··· Task input

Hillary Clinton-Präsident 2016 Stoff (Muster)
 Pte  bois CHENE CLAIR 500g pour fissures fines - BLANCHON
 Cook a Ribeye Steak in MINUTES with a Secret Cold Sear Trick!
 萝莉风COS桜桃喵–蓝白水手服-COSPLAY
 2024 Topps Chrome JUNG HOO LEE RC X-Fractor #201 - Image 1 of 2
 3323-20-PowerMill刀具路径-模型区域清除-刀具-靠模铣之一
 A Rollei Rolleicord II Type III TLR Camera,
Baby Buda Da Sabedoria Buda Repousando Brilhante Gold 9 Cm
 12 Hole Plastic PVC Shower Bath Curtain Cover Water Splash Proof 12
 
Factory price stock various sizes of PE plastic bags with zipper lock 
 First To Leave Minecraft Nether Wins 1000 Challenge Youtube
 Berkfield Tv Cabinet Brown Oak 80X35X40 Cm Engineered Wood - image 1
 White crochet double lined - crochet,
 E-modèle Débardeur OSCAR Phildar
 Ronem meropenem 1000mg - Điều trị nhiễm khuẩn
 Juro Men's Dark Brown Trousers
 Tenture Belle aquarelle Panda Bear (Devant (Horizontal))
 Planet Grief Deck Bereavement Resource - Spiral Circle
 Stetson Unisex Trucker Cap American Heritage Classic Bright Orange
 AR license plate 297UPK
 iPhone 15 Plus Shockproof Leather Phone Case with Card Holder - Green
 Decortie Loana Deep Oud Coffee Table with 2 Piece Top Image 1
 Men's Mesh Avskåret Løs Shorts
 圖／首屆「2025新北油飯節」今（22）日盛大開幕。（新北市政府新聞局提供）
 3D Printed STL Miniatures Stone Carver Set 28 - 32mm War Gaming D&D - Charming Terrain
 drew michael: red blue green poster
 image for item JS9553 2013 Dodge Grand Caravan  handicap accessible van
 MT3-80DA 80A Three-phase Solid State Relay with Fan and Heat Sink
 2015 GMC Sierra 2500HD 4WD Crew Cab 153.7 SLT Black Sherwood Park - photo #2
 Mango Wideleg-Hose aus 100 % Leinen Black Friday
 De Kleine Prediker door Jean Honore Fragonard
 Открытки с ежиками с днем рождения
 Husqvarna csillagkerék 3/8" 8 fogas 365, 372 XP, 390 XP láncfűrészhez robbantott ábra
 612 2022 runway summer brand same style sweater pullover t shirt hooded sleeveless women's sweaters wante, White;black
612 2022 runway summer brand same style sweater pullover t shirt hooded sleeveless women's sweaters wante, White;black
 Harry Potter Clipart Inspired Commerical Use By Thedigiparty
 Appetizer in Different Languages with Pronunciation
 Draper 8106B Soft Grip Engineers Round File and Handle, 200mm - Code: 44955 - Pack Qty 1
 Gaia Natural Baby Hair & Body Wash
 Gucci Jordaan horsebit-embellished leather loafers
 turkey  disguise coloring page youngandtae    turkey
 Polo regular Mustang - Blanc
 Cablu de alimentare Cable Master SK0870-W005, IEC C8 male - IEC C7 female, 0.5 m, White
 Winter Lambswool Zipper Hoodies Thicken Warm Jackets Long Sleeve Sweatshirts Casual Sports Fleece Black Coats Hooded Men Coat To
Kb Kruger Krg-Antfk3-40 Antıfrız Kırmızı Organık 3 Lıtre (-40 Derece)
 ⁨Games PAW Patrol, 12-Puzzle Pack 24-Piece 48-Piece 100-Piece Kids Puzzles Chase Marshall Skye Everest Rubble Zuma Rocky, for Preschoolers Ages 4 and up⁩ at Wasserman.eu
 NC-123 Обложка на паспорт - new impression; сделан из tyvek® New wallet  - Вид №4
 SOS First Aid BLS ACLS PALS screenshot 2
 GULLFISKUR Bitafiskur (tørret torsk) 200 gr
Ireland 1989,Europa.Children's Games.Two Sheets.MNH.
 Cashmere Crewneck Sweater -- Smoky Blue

······

_What to work on_. From the records above, pull every line that carries the word "Piece".

_Exercise solution_.
 Decortie Loana Deep Oud Coffee Table with 2 Piece Top Image 1
 ⁨Games PAW Patrol, 12-Puzzle Pack 24-Piece 48-Piece 100-Piece Kids Puzzles Chase Marshall Skye Everest Rubble Zuma Rocky, for Preschoolers Ages 4 and up⁩ at Wasserman.eu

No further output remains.